冷静沈着で聡明なパンナコッ太君の力を借りて、ババロアさんはカス寺さんの身辺調査を開始。やがて衝撃な事実に直面してしまいます。
ババロアさん、カス寺さん、パンナコッ太君、そしてカス寺さんの不倫相手のミル子さん。スイーツなネーミングとほのぼのとしたイラスト、テンポのよい漫画に、私達の心はつい和(なご)まされてしまいますが、語られているのはエグい現実です。
落ち着いて考えてみると、これってかなりリアルなのです。ユルふわなオブラートで包んでいるのは、身を切るほど残酷な人間の生態。ページをめくるたびに、私達の心は串刺しになっていきます。
血も涙もないと痛感しながらも引き込まれてしまうのは、誰もが経験しうることだから。「絶対に不倫なんかしない」「絶対に不倫なんてされない」とは、誰も断言できないからではないでしょうか。

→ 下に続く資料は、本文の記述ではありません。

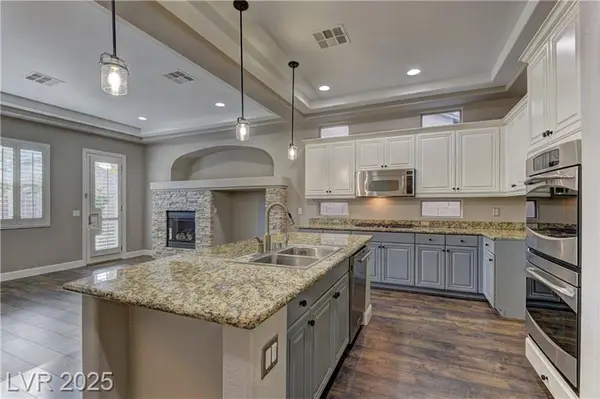 11221 Stanwick Ave, Las Vegas, NV 89138-8005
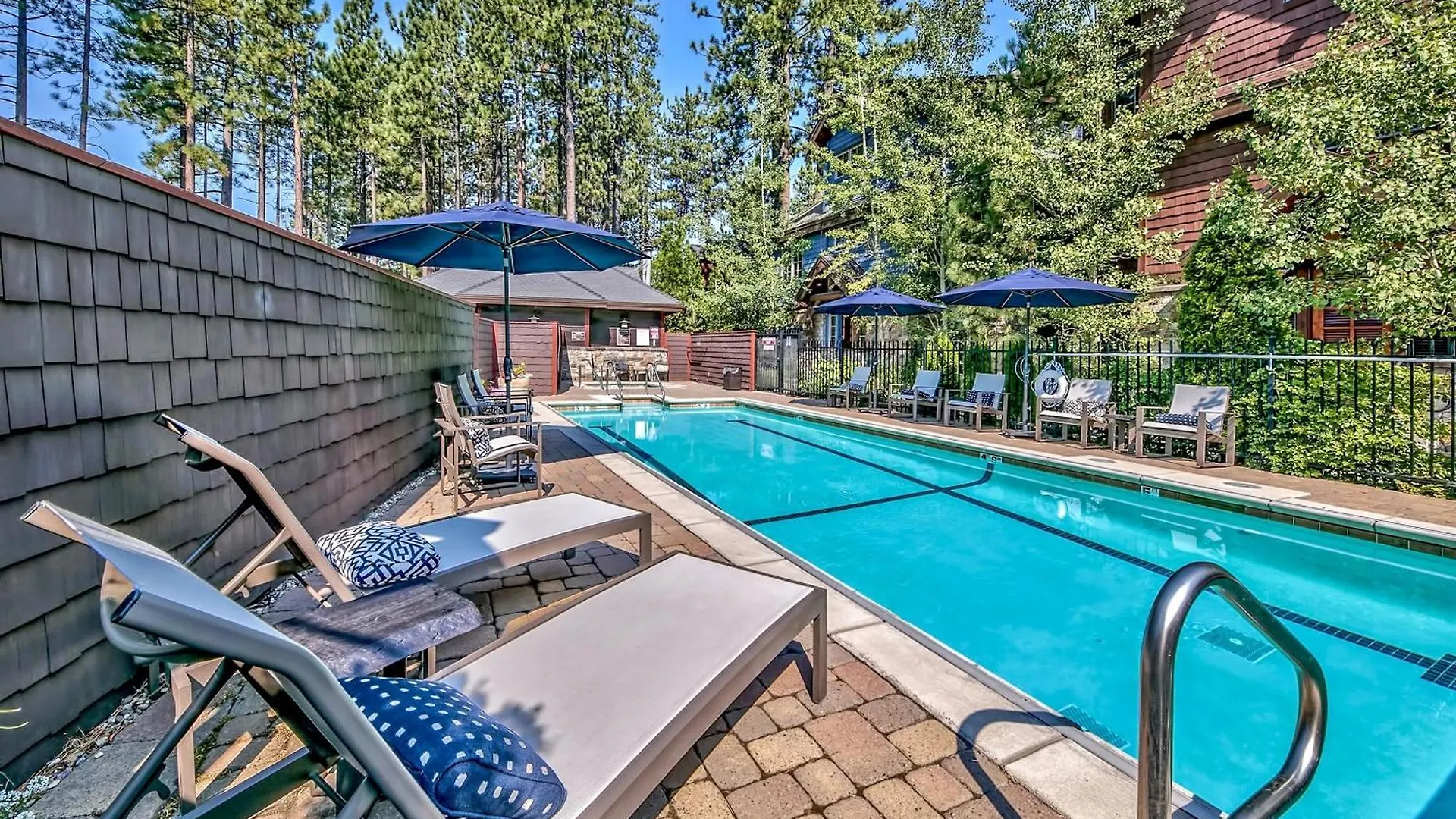Apartment The Peak Rubicon 11 - The Ultimate In Lakefront Luxury South Lake Tahoe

今作ではさらに新しいワードが登場します。「ポリアモリー」です。数年前からデフォルトになったポリアモリー、つまり複数愛ですが、間違った解釈をされる方もいるのですよね。
今作の不倫夫・カス寺さんがまさにそう。ポリアモリーの定義を完全に取り違えているのです。
カス寺さんの不倫相手、ミル子さんはカス寺さんのさらに斜め上を行くツワモノ。妻ババロアさんのことを「チャーミングな人」とか「迷惑はかけません」などと言い、謙虚にふるまいつつ、しっかり上から目線。思わず「負けるな! ババロアさん」とこっちまで熱くなってしまいます。
私自身はモノガミー(単数愛)ですが、ポリアモリーの考え方や実践する人々を否定しません。でも、複数愛を都合よく利用するのは単なる自己愛です。ポリアモリーの風上にも置けませんし、ポリアモリーの方々にも失礼です。